Montag, 25. Mai 2009

Zehn Jahre Kosovokrieg

Die NachDenkSeiten haben auf einen Artikel von Franziska Augstein in der SZ aufmerksam gemacht, der an den Kosovokrieg vor 10 Jahren erinnert und eine äußerst kritische Bilanz zieht. Ich kann absolut unterschreiben, was Franziska Augstein sagt, und möchte mich auch gar nicht weiter mit ihrer Bilanz beschäftigen. Dieser Post soll stattdessen enthalten, was meiner Meinung nach nicht gesagt wurde.
Der Kosovokrieg war sicherlich ein von profunden Machtinteressen getriebenes Unternehmen, aber völlig vergessen wurde in meinen Augen der historische Aspekt des Krieges, die Grundlagen gewissermaßen, denn der Kosovokrieg befindet sich in einer historischen Kontinuität deutscher Außenpolitik, wie beispielsweise Matthias Küntzel in seinem Buch "Der Weg in den Krieg" sehr gut darstellt.
Deutschland und Serbien verband nie eine besonders gute Beziehung. Der scharfe Nationalismus des Serbiens vor dem Ersten Weltkrieg, der mit auslösend für diesen Krieg und die dadurch folgende Niederlage Deutschlands wurde schaffte dem kleinen Land wenig Freunde im Reich, und auch später taute diese Beziehung nicht auf. Stattdessen unterhielten die Deutschen gute Beziehungen zu Albanern und, besonders, Kroaten (dies kann man heute noch an der Asylstatistik ablesen: in Deutschland gibt es kaum Serben, aber viele Kroaten und Albaner). Die Geburt des Vielvölkerstaats Jugoslawien betrachtete man immer misstrauisch, war dieser doch serbisch dominiert und so deutscher Einflussnahme weitgehend entzogen, und ein Ziel deutscher Außenpolitik war deswegen seit jeher die "Balkanisierung" des Balkan und somit die Zersplitterung des serbischen Machtbereichs zugunsten kleinerer, Deutschland gewogener Staaten.
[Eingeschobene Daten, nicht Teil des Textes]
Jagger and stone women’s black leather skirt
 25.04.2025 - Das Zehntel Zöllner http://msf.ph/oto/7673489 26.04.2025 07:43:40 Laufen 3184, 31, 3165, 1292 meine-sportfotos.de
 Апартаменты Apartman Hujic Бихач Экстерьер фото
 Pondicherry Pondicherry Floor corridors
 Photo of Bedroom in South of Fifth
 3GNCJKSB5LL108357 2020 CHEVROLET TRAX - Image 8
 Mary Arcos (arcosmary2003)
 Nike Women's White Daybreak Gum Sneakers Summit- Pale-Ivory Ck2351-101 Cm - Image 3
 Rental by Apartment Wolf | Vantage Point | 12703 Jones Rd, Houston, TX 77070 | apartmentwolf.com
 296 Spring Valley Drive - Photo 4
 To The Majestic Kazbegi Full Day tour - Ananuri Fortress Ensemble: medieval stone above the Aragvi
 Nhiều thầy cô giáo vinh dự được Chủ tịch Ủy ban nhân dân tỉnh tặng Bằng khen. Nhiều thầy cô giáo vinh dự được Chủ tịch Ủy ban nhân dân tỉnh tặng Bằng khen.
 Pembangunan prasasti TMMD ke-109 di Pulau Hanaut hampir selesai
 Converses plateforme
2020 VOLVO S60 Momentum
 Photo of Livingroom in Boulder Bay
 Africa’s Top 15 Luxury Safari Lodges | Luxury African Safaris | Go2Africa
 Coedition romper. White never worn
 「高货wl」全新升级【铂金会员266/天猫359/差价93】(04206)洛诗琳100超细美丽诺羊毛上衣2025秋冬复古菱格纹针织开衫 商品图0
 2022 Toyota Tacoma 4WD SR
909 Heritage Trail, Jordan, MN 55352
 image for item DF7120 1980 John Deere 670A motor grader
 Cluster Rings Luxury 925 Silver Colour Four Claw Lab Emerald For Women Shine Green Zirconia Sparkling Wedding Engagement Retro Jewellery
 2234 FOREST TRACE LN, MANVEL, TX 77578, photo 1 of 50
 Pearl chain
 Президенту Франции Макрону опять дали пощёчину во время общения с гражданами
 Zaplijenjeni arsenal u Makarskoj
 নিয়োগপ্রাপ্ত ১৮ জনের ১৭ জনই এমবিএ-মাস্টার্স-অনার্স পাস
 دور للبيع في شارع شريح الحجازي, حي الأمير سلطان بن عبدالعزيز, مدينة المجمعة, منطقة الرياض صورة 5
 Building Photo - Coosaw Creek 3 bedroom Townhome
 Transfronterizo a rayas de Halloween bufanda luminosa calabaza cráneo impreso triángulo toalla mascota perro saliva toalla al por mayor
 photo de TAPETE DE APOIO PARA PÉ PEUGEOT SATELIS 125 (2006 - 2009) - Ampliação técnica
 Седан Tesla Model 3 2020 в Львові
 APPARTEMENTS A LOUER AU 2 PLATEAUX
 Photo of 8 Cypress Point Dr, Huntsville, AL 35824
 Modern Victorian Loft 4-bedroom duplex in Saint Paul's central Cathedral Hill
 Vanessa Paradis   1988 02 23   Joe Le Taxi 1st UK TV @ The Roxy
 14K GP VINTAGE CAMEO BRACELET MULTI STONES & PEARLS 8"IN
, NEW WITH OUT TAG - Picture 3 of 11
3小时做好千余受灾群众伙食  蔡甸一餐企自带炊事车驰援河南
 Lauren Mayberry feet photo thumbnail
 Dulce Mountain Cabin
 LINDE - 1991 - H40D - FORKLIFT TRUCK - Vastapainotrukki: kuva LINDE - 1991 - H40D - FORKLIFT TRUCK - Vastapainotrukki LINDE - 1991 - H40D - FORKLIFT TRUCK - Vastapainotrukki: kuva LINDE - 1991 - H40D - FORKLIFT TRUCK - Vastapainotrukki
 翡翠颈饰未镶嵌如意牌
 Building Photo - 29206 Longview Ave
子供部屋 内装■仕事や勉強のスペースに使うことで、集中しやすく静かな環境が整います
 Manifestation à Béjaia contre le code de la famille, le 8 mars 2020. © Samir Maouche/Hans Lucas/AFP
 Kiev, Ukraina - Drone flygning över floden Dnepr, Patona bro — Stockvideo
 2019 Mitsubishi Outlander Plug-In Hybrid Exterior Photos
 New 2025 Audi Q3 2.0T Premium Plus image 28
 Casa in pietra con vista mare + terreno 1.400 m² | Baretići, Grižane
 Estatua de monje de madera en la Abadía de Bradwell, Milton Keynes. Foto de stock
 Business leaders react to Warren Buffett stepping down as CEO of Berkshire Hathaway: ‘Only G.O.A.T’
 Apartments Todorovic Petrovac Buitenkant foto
Dasselbe Ziel - Schwächung Serbiens und Schaffung eines deutschlandfreundlichen Staats - verfolgte man auch im Kosovokrieg. Deutschland war, entgegen der offiziellen Regierungslinie, nach der man nur widerstrebend in den Krieg zog, einer der Hauptakteure im innerparteilichen Kampf der NATO um die Frage, ob man intervenieren solle. Anfangs waren die Deutschen relativ auf verlorenem Posten gegen die USA, Frankreich und England, aber als es den Deutschen gelang, sich Madelaine Albright und den Rest der Clinton-Administration gewogen zu machen verschob sich das Gewicht zunehmend, ehe Frankreich und England ihren Widerstand aufgaben und auf die Kriegslinie einschwenkten. Der Kurswechsel von schwarz-gelb zu rot-grün veränderte diese Linie der deutschen Außenpolitik nicht im Mindesten; Fischer und Schröder nutzten die von Kohl und Genscher gelegten Grundlagen fast unverändert und steuerten Deutschland auf Kriegskurs. Es kann als wahrscheinlich gelten, dass auch Lafontaine den Kriegskurs mitgetragen hätte, wäre er dem nicht durch Rücktritt zuvorgekommen und hätte so nicht seinen eigenen Mythos geschaffen.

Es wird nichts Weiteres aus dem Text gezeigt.